• [Instructions to follow] Please write out only the lines from the line with "Then you should" to the line with "Welcome back. Now", inclusive, exactly as they stand below, without the pictures.

• [Exercise data]
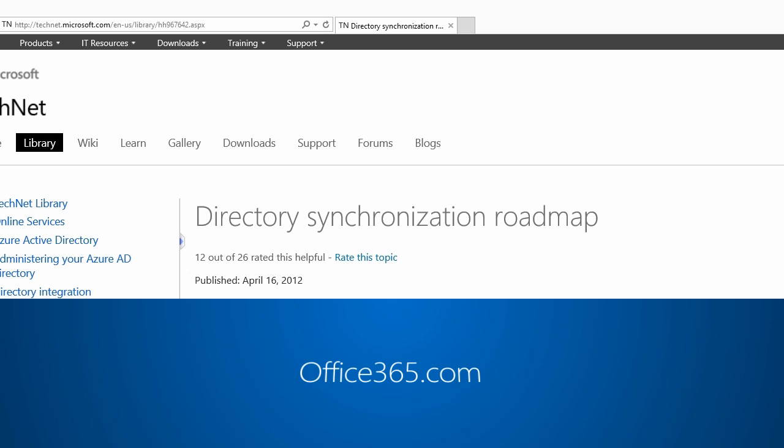For more about Office 365 and the Admin Center, visit office365.com.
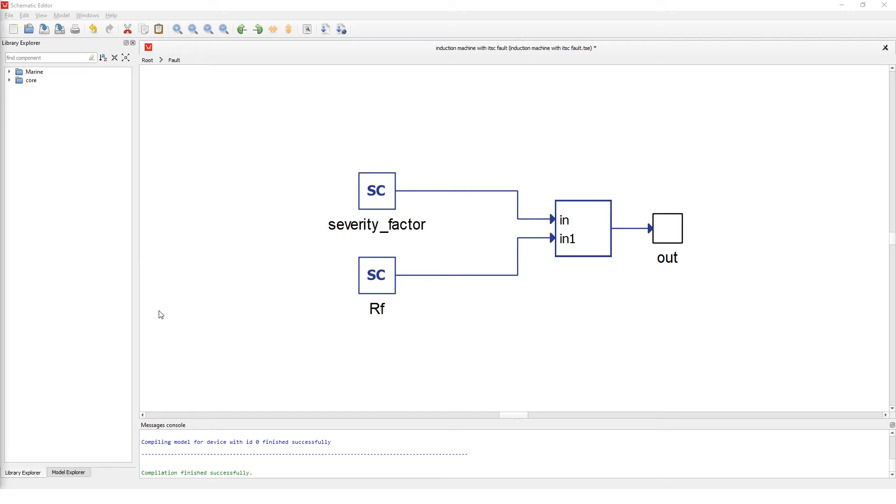Zero means that the path of the short circuit starts and ends at the same end of the winding, while for non-zero values the second point of the short circuit moves towards the other end of the winding, where one means that the whole winding is shorted.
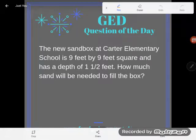Hey GED students, it's GED question of the day, and we've got a dreaded word problem. It says the new sandbox at Carter Elementary School is nine feet by nine feet square and has a depth of one and a half feet. How much sand will be needed to fill the box?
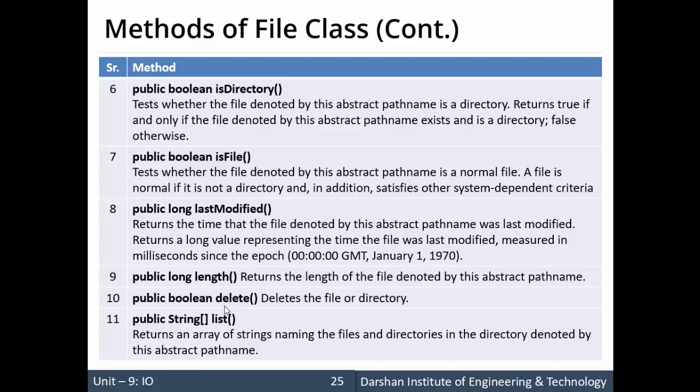This File class can be used along with our streams like character stream, byte stream, and we can have various applications to build. That's it. This is all about I/O. Thank you.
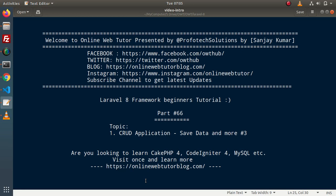Hello guys, welcome to Online Web Tutor. I am Sanjay. We are learning the Laravel framework tutorial — this is part 66. Inside this video, we will continue our CRUD application and see all about saving data, flash messages, and redirection.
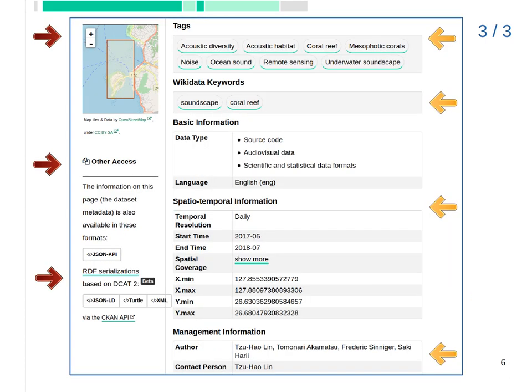This is the last part. You will see text and Wikidata keywords for these datasets. The dataset's temporal resolution, starting and ending time, and spatial coverage are also described. There is also management information so you know whom to contact for the dataset. On the left of the page there is a map showing the spatial coverage, as well as the machine-readable data endpoints of the dataset.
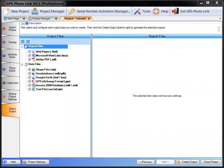Welcome to the GPS PhotoLink 5.1 Select Output video. In this video, you'll learn how to select all the different outputs available in GPS PhotoLink and how to set the options on those outputs as well.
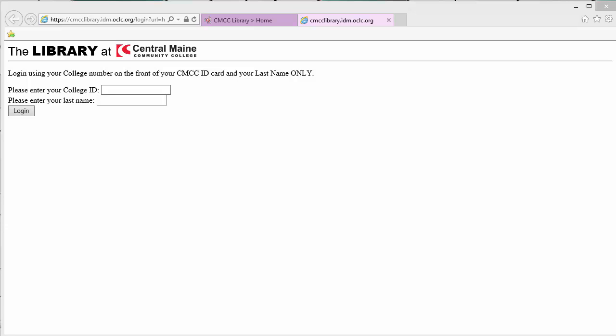Then you should be in. If you have any problems, call the library's front desk at 755-5218, or come in and we will help you with your access.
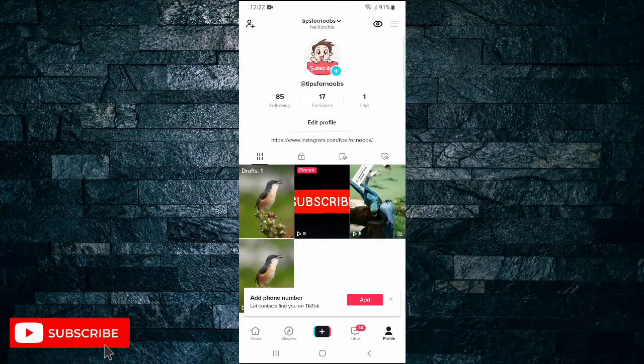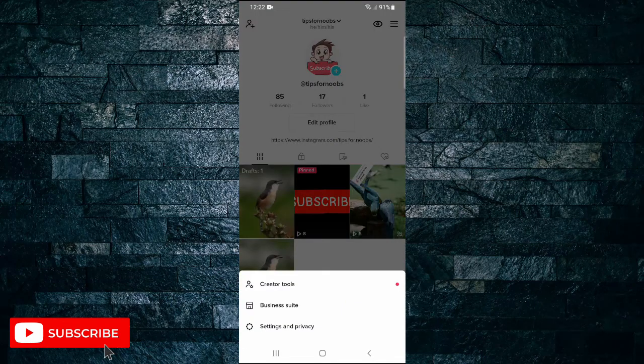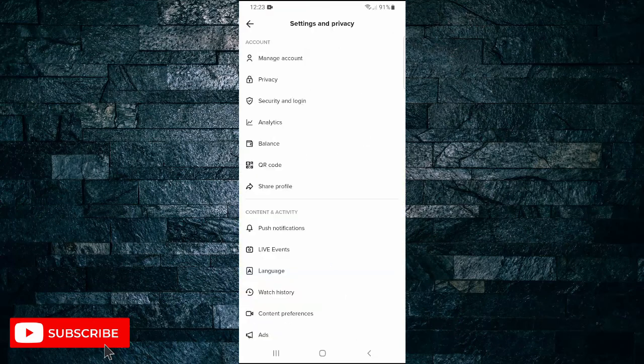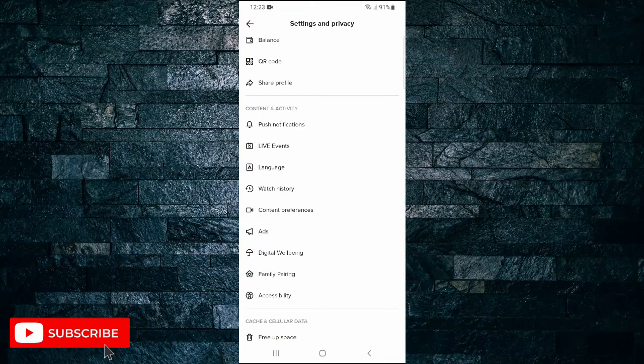Then, tap the menu icon in the top right-hand corner and select settings and privacy. Scroll down until you get to digital well-being and tap on that option.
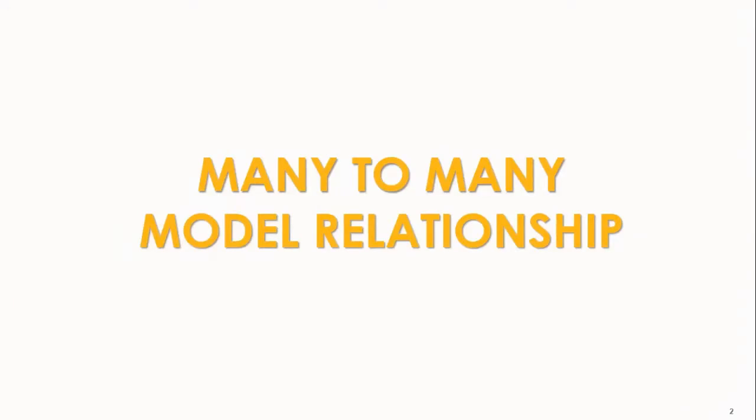Welcome back. Now in this episode we are going to look at how to create relationship between the models. So let's see how this is done.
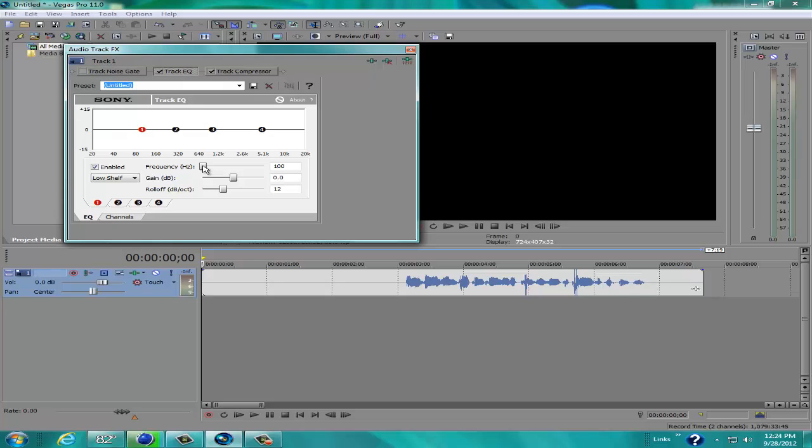Go to Track Equalizer. That's the thing we're going to look at here. Now for one, we're going to go into frequency. I'm going to change that to about 87. For the gain, we're going to change that to 2.3. And then we're just going to leave that at 12.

• [Exercise answer]
Then you should be in. If you have any problems, call the library's front desk at 755-5218, or come in and we will help you with your access.
Then, tap the menu icon in the top right-hand corner and select settings and privacy. Scroll down until you get to digital well-being and tap on that option.
Welcome back. Now in this episode we are going to look at how to create relationship between the models. So let's see how this is done.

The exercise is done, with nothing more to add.